● YOUR GOAL
Please give an exact printout of the records, without any pictures.
(Beginning of RECORDS FOR THIS TASK)
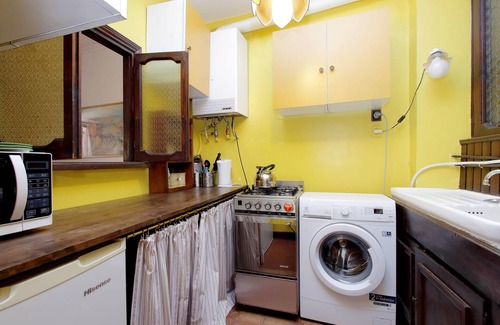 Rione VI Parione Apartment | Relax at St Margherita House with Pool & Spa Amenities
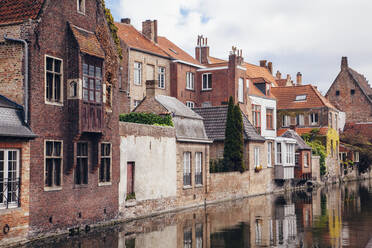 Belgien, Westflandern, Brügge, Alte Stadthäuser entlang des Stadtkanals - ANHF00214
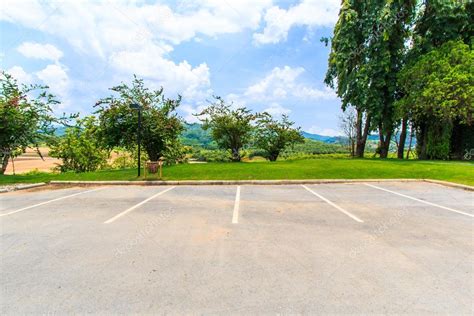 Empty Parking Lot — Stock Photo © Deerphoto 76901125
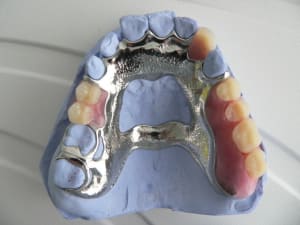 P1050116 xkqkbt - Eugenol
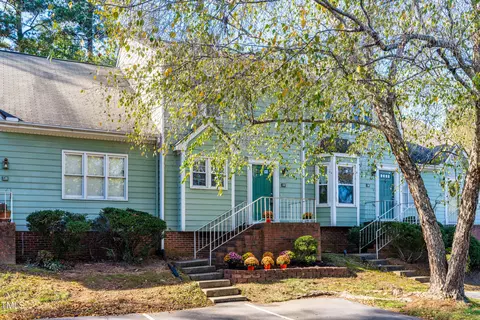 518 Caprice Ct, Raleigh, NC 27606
(End of RECORDS FOR THIS TASK)
● REPLY TO THE TASK
 Rione VI Parione Apartment | Relax at St Margherita House with Pool & Spa Amenities
 Belgien, Westflandern, Brügge, Alte Stadthäuser entlang des Stadtkanals - ANHF00214
 Empty Parking Lot — Stock Photo © Deerphoto 76901125
 P1050116 xkqkbt - Eugenol
 518 Caprice Ct, Raleigh, NC 27606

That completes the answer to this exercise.